**WHAT TO DO**. Here are the records. Write out exactly the lines between the one holding "Romeo Cat Litter Mineral Ball CLOREXIDINA" and the one holding "Guardanapo De Papel", inclusive.

**AVAILABLE DATA**.
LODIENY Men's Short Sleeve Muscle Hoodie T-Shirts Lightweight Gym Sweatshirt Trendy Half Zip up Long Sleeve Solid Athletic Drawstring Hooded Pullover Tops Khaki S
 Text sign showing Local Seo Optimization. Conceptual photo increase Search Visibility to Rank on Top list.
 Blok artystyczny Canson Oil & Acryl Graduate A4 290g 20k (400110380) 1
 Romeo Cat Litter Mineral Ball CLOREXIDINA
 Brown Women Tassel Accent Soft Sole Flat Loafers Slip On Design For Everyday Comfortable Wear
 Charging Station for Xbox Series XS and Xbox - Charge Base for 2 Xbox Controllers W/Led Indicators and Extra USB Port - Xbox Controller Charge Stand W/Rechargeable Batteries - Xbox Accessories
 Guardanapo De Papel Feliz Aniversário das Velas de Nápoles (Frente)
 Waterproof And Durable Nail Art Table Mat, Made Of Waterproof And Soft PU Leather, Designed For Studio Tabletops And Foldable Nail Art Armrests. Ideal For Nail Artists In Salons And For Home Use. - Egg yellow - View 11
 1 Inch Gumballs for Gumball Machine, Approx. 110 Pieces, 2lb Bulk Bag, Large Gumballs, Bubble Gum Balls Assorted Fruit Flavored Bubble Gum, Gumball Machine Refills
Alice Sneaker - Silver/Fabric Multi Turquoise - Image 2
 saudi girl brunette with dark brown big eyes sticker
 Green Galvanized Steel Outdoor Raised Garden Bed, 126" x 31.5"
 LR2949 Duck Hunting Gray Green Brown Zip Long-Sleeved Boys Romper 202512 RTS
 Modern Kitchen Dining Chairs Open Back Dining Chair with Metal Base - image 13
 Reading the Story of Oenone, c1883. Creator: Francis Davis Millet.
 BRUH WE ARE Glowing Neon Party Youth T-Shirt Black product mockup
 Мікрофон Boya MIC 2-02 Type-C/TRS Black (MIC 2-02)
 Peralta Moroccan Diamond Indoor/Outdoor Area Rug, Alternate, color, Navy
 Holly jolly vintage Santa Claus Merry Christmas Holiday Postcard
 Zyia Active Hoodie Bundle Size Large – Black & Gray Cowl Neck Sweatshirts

**PROBLEM SOLUTION**.
 Romeo Cat Litter Mineral Ball CLOREXIDINA
 Brown Women Tassel Accent Soft Sole Flat Loafers Slip On Design For Everyday Comfortable Wear
 Charging Station for Xbox Series XS and Xbox - Charge Base for 2 Xbox Controllers W/Led Indicators and Extra USB Port - Xbox Controller Charge Stand W/Rechargeable Batteries - Xbox Accessories
 Guardanapo De Papel Feliz Aniversário das Velas de Nápoles (Frente)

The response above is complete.